So that’s why there’s no first of November post.
Good news though! This month I am back on track and have real progress to report!
Once I decided to paint my boards instead of sticking with my stain, I had another daunting decision to make. What color? Or I guess just which shade…
I battled indecision and quickly settled on the middle shade. It’s called Chrome.
My dad set up a way better work station than my brain had come up with for my solo painting. Instead of using saw horses to paint three boards at a time and transferring them to ladders to dry, we used an elaborate series of ladders to paint almost all the boards at one time.
We decided to spray instead of roll the boards and it went so fast. It took three short days to get all the boards painted with primer, first coat, and second coat!
And I got to wear this super cute suit!
Forever the icon.
Next I paint my trim, prep the boards, and start installing
One last piece of exciting news is that I dropped a day at one of my jobs so now I have double the tiny house time!
OK, it’s thank you time! Thank you to my dad for his superior painting strategies, to the guys at the paint stores for answering my many many questions, and to my wonderful friends and family for putting up with my tiny house related worries, especially Jonni, who knows there is no stress that cannot be cured by sushi and fried potatoes.
This month it was time to make some decisions about siding aesthetics. Now if you know me, you know I hate to make decisions. Seriously, never take me to the ice cream parlor. But I am super proud of myself! I was the best decision maker of all time this month!
If you recall, at the end of my last post I had just discovered a way to age wood with steel wool and vinegar, and by discovered I mean watched a couple videos on YouTube about it. I wasn’t 100% sure I wanted to do this with my wood so I bought a semi-transparent gray stain to compare, cut a couple samples out of one of my scrappier boards, and tested out the two methods.
To be honest, I wasn’t completely sold on either but I liked the natural stain better. I could have gone back to the paint store and tried another gray stain but they only sold them by the quart. I imagined myself going through $25 can after $25 can of stain to find the right one and decided to just decide. I would use steel wool and vinegar with a transparent top coat to protect the wood. I still wasn’t totally sure I wasn’t about to eff up $1500 of siding.
The staining took up my next couple of work days. I set up a station and played around with the stain.
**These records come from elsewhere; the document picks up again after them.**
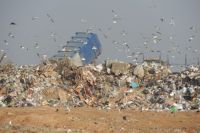Экологи уверены, что регионам нужно объединиться в решении «мусорной темы». 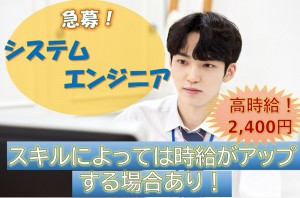 ソフトウェアの検証／技人国の求人
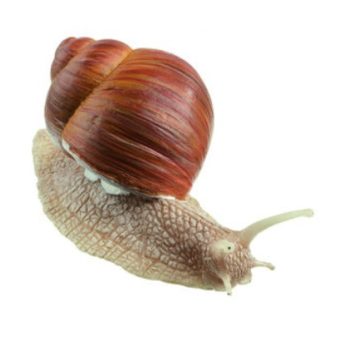 snails-medstore.ie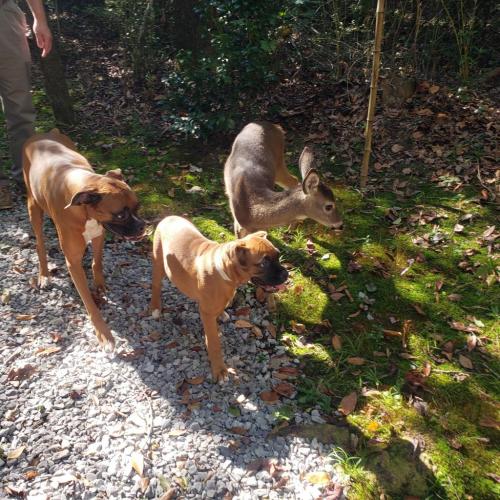 00:39:41 GMT-0600 (CST)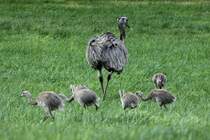 Und schon geht es weiter!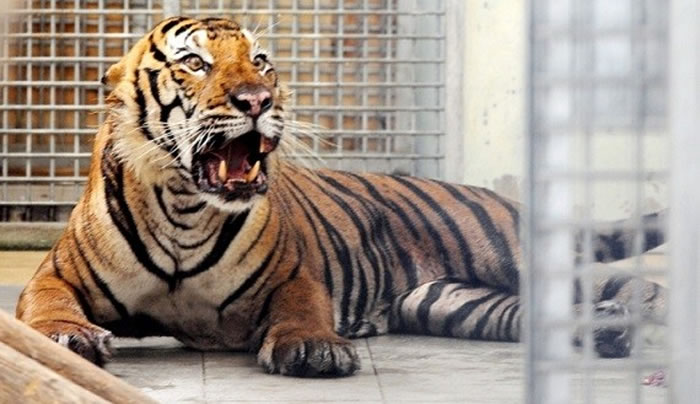 雄性马来虎误入陷阱,右前脚受伤。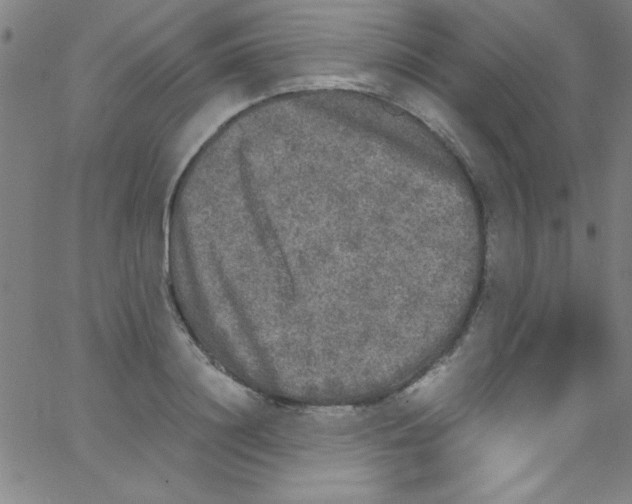 X0000067400844200604281906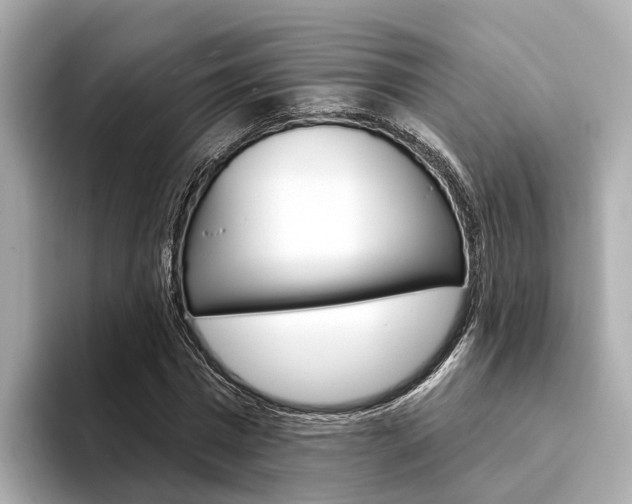 X0000094330777200711021130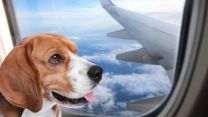 Aeroitalia rivoluziona i voli pet-friendly: cani in cabina fino a 30 kg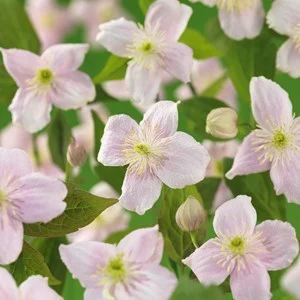 Klematis 'Mayleen' 5-pack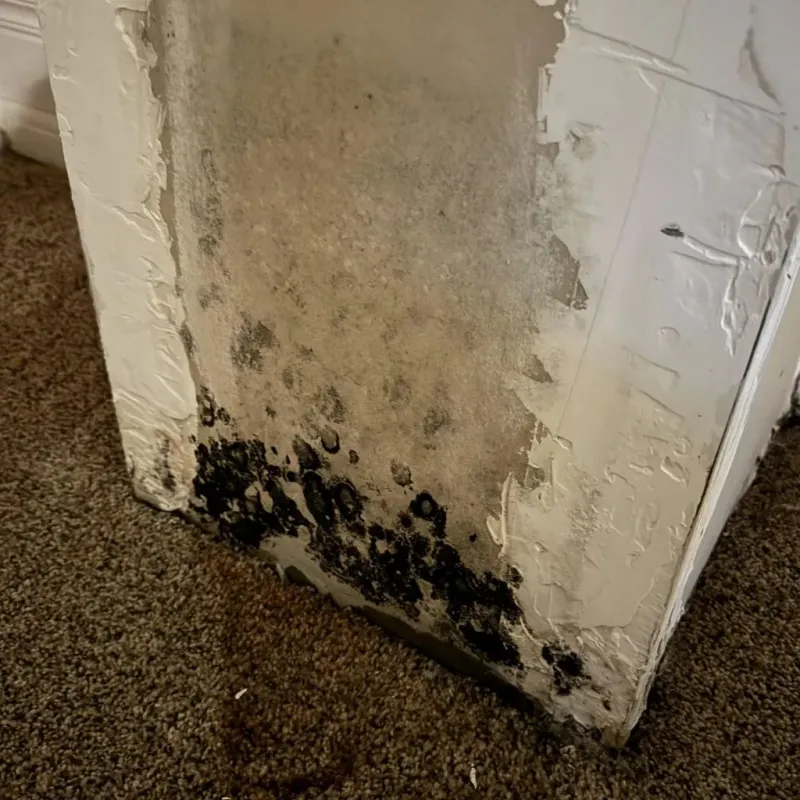 Professional Mold Removal in Loretto, TN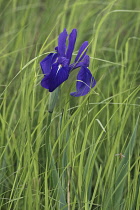 Iris, Japanese iris, Iris laevigata, Single blue coloured flower growing outdoor in field of grass.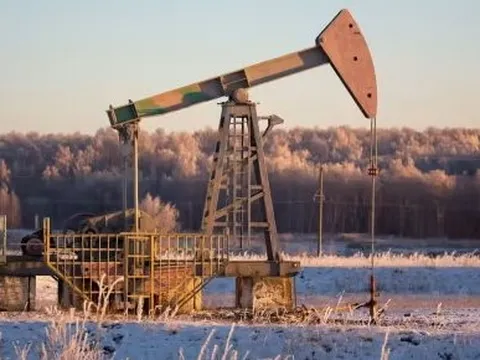 Châu Âu tìm ra nguồn cung thay thế dầu thay Nga với giá rẻ bất ngờ, mạnh tay nhập khẩu hàng triệu thùng dầu mỗi ngày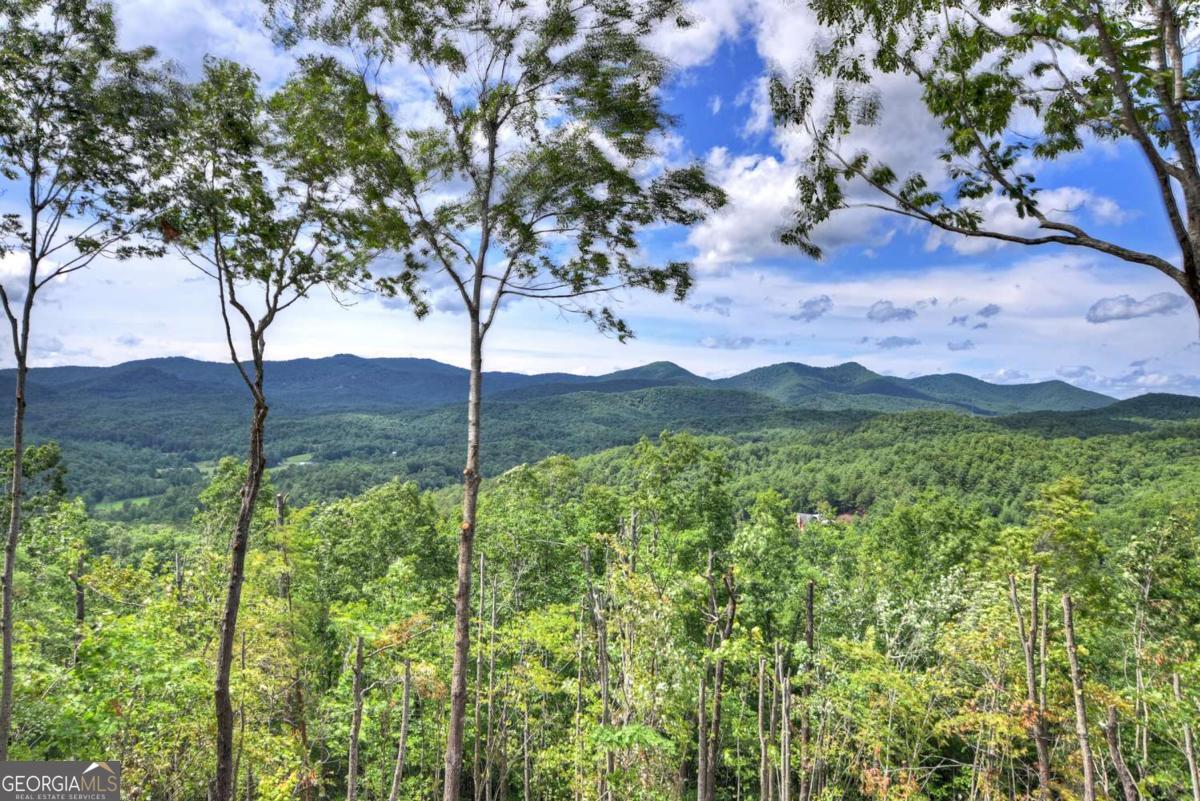 Mineral Bluff, Georgia, 30559, United States, 4 Bedrooms Bedrooms, ,4 BathroomsBathrooms,Residential,For Sale,1876887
I wanted a variety of tones in my boards so I played with the ratio of steel wool to vinegar, with how long I let the mixture sit before painting, with how long I left the stain on the boards, and with how many coats I applied.
It was messy work. At one point I went to reapply sunscreen and gave myself a very natural orange glow. I also noticed that I started coughing and getting headaches while I applied the stuff. It didn’t 100% occur to me until the last day of staining that I was basically breathing and bathing in rust, at which point I masked up and slipped on a set of gloves. Just because it’s “natural” doesn’t mean it’s good for you!
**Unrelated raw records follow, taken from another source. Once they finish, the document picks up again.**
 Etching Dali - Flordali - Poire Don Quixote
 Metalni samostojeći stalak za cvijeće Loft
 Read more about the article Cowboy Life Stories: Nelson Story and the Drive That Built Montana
Becoming one with my siding.
Safety looks good on me.
Overall, I am really pleased with the results! The boards are all in different shades of gray and brown, and all of them have a rich, natural look.
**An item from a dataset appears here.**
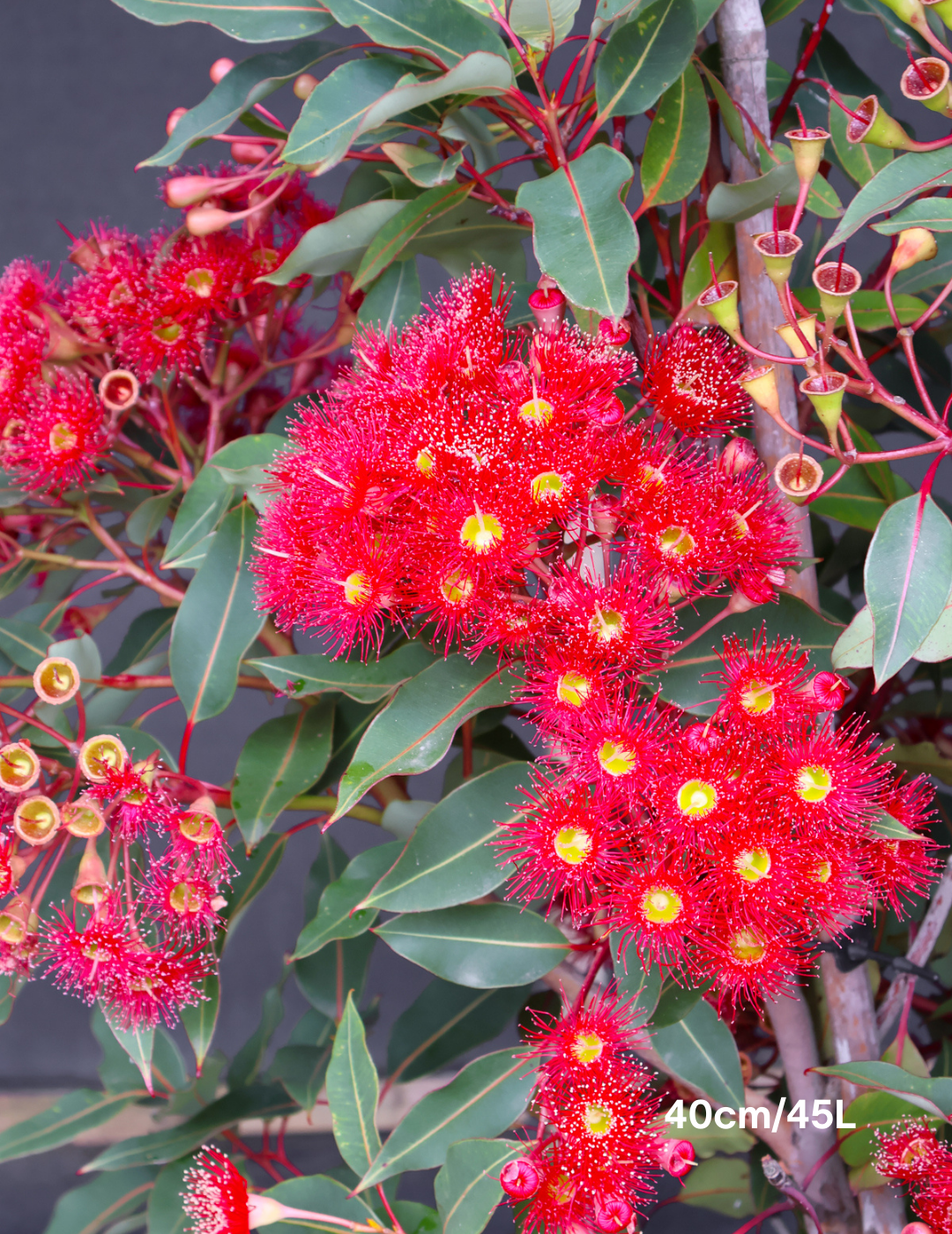 Corymbia ficifolia 'Wildfire' - Evergreen Trees Direct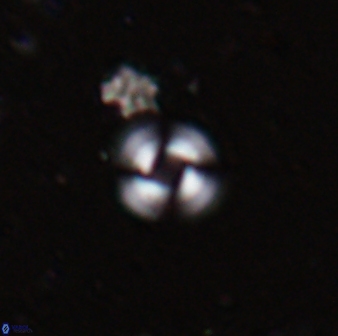 Reticulofenestra dennei 30502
Most of the month was just me and the wood as both my parents were off cruising through Europe like good retirees but just in time for my last work day of the month, Dad got back and started mapping out the studs on the house while I stained. Next step is painting the boards with the transparent stain and then it’s siding time! This is all happening people!
Thank you to the guys at Kelly-Moore Paints in Petaluma for their helpful advice and patience with my staining questions, to my roommates for letting me keep a big bucket of vinegar and rust in our garage, and to my dad for helping me out once he had recovered from all the fun he had on his cruise. And of course thank YOU for making the difficult but correct decision to continue reading this blog!
I feel like this month’s update is a little scattered. Let’s blame the eclipse. I mean everyone lost their minds over it so why not? Let’s start with…
We got the trim almost entirely finished, except for a little bit around the door where I still need to flash the wheel well.
I also went on another siding quest. This time I called ahead and got someone on the phone who swore they actually had the materials. Still, there was always the chance that after 40 minutes in traffic, it could all turn out to be a filthy lie so I had to make sure the trip was worth it this time.
Let’s just say I made a little side quest to a certain bright green, misleadingly named Puerto Rican restaurant on the way… you know the one. If you are thinking, “This is a construction blog, why is she writing about some restaurant?” Then you have clearly never been to Sol Food, your life is sad, and I am sorry.
Image from 4feet2mouths blog
Image from Sunset magazine
Image from some guy named Phillip Woodrow’s Foodspotting profile
When I finally arrived at the store with a belly full of limeade and camarones criollos, I made my way apprehensively to the lumber aisle, sure that I would find only an empty space and a note reading “F you Katelynn!” where the promised boards should have been. But when I reached the siding section, there it was, actual siding! My siding! I piled nearly 50 boards onto my cart, most of which were in great condition, and carefully guided my towering load to check out.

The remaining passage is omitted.